O ponto central da demanda, segundo o promotor, é a definição da bitola dos trens- ‘largura determinada pela distância medida entre as faces interiores das cabeças de dois trilhos em uma via férrea’.
“Atentaram contra os princípios de legalidade, impessoalidade, moralidade, publicidade, eficiência, finalidade, motivação, do interesse público, da probidade administrativa, da vinculação ao instrumento convocatório e do julgamento objetivo, em manifesta afronta ao artigo 37 da Constituição, assim como ao artigo 1.º da Lei Complementar 101/2000”, assinala o promotor de Justiça. “Causaram danos ao erário público. Também infringiram os princípios da legalidade, da eficiência, da publicidade e do interesse público. Patente, assim, que os demandados praticaram ato de improbidade administrativa tipificado no artigo 11, caput, da Lei 8.429/92.”
O promotor afirma que os alvos da ação deliberadamente assumiram ‘o risco de produzir o prejuízo, assinaram o trato mesmo sabendo que o mesmo causaria prejuízo da companhia’.
Segundo MIlani, os fatos ‘não acarretaram somente danos de natureza patrimonial, mas dano moral’.
“Deles (dos fatos) decorreu, também, um dano difuso, abstrato, correspondente à grave ofensa à moralidade da Administração Pública e à dignidade do povo de São Paulo, agora ampliada em face da divulgação desses e de outros fatos similares.

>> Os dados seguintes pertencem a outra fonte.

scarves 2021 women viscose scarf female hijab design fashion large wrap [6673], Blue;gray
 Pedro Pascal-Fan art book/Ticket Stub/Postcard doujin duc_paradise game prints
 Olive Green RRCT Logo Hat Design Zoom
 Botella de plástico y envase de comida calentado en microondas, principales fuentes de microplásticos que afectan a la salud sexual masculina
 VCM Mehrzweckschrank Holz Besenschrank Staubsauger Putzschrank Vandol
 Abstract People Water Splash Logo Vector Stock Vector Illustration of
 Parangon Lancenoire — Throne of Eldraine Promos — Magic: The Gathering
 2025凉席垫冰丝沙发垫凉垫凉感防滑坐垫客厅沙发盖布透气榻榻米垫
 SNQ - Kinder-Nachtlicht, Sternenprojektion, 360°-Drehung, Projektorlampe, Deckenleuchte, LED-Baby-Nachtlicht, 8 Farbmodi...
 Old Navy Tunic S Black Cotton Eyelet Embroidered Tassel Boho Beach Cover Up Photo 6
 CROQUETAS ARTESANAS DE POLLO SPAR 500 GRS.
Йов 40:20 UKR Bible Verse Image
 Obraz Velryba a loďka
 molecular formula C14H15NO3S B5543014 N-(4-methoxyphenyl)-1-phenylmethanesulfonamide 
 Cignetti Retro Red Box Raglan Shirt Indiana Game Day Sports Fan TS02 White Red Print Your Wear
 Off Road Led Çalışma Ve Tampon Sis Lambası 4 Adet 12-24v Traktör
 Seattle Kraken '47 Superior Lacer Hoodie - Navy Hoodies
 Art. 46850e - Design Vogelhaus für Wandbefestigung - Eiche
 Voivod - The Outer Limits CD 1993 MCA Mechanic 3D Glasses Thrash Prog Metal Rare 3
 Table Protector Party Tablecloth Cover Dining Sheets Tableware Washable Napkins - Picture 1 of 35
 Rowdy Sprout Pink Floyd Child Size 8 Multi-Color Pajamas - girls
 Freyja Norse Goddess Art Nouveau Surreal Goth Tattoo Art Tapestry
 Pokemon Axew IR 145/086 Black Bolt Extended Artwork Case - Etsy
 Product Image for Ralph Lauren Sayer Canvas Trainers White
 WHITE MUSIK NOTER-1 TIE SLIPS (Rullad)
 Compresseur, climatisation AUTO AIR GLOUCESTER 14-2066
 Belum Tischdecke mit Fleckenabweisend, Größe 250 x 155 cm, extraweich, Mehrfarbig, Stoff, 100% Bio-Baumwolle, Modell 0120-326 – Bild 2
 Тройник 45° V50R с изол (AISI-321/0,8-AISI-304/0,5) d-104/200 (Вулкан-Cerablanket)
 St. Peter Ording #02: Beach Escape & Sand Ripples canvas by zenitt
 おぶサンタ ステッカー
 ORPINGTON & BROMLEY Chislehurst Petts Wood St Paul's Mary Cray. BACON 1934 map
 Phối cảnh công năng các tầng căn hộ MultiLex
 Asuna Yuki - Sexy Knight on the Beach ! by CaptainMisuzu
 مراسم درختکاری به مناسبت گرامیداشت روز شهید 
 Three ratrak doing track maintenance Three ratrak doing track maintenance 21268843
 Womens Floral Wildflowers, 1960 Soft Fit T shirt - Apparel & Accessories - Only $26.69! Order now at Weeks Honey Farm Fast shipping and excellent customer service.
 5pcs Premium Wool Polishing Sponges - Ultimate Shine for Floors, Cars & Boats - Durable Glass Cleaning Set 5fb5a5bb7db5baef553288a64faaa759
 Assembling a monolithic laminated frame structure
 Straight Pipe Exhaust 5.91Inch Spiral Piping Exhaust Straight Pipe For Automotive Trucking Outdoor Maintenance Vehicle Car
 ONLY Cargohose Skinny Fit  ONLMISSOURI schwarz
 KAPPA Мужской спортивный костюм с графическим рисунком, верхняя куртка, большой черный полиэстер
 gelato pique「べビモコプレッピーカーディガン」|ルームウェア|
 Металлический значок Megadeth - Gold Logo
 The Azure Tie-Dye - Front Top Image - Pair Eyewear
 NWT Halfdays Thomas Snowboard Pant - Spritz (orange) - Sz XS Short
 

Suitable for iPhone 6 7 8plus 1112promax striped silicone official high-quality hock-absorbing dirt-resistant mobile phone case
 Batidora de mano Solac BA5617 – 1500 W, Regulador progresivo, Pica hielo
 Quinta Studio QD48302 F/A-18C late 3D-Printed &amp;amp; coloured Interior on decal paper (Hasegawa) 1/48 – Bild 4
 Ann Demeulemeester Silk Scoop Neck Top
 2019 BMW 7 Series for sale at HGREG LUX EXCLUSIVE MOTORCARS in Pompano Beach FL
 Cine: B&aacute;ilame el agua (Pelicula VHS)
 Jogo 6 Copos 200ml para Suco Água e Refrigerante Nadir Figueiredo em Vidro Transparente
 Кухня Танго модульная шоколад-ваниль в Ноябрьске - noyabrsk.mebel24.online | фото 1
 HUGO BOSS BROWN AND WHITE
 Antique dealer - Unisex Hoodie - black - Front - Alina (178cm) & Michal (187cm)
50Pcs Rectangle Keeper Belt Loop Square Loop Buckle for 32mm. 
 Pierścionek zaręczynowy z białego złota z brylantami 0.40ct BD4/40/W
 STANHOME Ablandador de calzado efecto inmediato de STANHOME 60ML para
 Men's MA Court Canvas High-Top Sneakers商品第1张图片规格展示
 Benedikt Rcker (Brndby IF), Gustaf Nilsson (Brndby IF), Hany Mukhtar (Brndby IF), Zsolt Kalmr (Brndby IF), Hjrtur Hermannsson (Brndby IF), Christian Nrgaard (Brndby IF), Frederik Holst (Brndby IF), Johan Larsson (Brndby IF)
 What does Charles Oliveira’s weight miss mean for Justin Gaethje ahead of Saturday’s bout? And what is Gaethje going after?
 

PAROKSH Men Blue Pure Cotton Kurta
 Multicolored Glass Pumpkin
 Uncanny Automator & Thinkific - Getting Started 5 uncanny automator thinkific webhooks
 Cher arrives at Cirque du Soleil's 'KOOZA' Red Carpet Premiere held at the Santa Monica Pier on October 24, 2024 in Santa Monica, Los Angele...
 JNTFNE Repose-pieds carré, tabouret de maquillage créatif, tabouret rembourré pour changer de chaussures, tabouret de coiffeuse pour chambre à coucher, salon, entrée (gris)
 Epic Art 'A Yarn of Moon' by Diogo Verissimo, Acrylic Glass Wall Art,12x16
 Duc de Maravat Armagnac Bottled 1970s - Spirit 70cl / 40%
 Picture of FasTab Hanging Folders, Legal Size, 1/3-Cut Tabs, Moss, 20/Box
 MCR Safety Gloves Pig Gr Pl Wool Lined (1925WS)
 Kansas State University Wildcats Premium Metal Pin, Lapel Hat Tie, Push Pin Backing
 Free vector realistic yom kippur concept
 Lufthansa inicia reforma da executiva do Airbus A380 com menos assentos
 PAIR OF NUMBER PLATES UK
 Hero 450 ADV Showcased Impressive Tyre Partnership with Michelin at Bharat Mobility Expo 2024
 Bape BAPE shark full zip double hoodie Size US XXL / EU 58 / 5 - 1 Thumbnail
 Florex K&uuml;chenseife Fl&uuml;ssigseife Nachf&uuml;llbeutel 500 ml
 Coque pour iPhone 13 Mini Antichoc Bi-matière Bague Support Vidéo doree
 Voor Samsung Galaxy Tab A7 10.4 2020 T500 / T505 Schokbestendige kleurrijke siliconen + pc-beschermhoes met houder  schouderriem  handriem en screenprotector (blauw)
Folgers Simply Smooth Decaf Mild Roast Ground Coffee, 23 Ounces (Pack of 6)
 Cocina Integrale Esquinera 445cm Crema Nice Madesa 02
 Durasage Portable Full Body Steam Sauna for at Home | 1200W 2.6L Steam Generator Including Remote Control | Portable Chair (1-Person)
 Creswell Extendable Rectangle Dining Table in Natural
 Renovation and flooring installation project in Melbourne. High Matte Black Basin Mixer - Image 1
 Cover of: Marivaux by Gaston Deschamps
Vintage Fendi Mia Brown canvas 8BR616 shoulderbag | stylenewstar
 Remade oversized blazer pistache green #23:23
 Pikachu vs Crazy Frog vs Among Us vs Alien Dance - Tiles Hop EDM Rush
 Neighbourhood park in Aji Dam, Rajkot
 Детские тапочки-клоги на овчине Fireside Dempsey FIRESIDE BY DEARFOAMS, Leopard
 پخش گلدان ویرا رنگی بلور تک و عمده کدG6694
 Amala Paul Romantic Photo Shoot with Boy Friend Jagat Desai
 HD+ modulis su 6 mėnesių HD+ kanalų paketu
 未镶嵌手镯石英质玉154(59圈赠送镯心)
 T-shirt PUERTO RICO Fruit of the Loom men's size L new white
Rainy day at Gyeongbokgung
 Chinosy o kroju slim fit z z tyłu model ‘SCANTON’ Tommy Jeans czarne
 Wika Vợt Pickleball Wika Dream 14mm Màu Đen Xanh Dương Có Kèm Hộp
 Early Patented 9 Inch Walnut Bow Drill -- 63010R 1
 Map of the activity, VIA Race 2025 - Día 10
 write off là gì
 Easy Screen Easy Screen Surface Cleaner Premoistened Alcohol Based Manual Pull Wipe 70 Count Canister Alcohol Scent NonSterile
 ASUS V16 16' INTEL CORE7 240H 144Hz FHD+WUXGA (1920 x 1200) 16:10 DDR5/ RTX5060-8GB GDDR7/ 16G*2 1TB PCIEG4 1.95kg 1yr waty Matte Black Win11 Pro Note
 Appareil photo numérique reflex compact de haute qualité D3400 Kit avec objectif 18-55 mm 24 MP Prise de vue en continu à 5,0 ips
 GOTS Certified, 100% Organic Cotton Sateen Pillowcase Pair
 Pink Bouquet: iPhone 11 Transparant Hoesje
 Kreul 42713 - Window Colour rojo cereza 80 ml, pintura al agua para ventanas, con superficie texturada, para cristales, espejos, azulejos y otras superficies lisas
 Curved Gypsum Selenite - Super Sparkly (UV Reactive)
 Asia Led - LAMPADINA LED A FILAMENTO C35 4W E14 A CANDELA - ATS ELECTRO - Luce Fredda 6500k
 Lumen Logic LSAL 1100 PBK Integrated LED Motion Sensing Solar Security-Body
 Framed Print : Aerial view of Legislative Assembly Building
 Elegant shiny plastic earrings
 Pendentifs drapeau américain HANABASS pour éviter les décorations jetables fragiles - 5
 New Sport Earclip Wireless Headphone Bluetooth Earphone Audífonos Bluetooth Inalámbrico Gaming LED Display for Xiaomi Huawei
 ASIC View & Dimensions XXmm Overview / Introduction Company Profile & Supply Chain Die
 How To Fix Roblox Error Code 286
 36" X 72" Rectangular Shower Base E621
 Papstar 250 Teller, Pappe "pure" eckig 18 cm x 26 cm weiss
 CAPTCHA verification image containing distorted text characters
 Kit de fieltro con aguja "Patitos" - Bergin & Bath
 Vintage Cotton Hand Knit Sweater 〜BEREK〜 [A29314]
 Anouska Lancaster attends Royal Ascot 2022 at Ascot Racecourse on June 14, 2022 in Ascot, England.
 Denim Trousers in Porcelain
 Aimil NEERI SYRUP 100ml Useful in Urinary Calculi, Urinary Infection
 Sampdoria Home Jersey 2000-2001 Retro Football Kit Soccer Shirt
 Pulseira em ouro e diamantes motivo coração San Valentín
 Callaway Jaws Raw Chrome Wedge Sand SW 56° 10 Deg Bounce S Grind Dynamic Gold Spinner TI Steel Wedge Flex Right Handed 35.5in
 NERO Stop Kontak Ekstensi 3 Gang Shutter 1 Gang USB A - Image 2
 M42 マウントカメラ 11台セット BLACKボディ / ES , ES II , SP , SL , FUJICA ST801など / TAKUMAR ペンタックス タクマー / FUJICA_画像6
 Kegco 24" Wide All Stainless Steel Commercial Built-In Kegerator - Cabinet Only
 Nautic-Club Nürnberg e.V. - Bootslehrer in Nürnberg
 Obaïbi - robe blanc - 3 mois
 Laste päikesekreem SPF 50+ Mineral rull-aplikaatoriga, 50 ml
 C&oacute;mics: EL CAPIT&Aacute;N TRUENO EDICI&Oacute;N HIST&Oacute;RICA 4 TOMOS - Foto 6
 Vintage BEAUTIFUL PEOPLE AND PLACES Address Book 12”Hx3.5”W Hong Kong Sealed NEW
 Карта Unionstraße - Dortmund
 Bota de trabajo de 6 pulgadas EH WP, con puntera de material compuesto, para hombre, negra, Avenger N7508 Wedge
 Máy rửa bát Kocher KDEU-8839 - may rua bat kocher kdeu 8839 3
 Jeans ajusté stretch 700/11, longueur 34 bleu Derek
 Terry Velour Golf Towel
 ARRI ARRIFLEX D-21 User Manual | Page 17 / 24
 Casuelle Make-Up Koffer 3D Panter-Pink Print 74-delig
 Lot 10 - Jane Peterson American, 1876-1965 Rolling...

Não resta dúvida de que a população de São Paulo vive um terror e um total descrédito. A gestão do Metrô tornou-se caótica, eis que a notícia mais comum é que ocorreu mais um adiamento na entrega das obras, apontando que a linha 5- Lilás já dura dezoito anos.”
Ainda segundo a ação. “A população é vítima do descaso, sendo manipulados como verdadeiros joguetes dos administradores. Especial atenção ganha a compra de 26 trens para serem utilizados na linha 5, eis que os mesmos foram adquiridos antes do início das obras de expansão, eis que o contrato para a fabricação das composições foi assinado em 12 de julho de 2011 e a expansão que estava paralisada há sete meses, foi retomada em 23 de julho de 2011.”
COM A PALAVRA, O METRÔ
Na segunda-feira, 11, quando o promotor de Justiça Marcelo Milani divulgou os detalhes da ação por improbidade, o Metrô, por meio do Departamento de Imprensa, rechaçou enfaticamente as acusações sobre a compra dos 26 trens.
Segundo o Metrô, a ação proposta pelo Ministério Público ‘contém uma série de equívocos’
“O Metrô de São Paulo, como sempre fez, prestará todos os esclarecimentos ao Ministério Público. Embora não tenha conhecimento oficial, o Metrô informa que a ação proposta pelo Ministério Público contém uma série de equívocos:
1) Não é verdade que os trens estejam parados. Os 26 novos trens adquiridos para a expansão de 11, 5 km da Linha 5 estão sendo entregues e passam por testes, verificações e protocolos de desempenho e de segurança;
2) Dos dezessete trens entregues, 8 já estão aptos a operar a partir de setembro no trecho de 9,3 km entre as estações Capão Redondo e Adolfo Pinheiro;
3) A bitola da Linha 5 não é diferente em trechos da linha. A Linha 5 terá a mesma bitola em toda a sua extensão, da primeira à última estação;
4) O Metrô não tem gastos extras com a manutenção desses novos trens;
5) O Metrô não arcar com nenhum custo de aluguel para estacionamento destes trens;
6) O prazo de garantia só começará a valer após o início de operação de cada composição, conforme previsto em contrato;
7) A expansão da Linha 5 é um empreendimento que incluiu os projetos, as obras civis e a implantação de sistemas, a implantação de um moderno sistema de sinalização em todo o trecho e a aquisição de novos trens para transporte da nova demanda de usuários;
8) Todas essas ações foram executadas dentro de um detalhado cronograma, para que as etapas estivessem concluídas até a inauguração do novo ramal, a partir de 2017, beneficiando mais de 780 mil usuários por dia.
Todas estas informações já foram encaminhadas reiteradas vezes ao Ministério Público de São Paulo, que as desconsiderou para a abertura do inquérito.”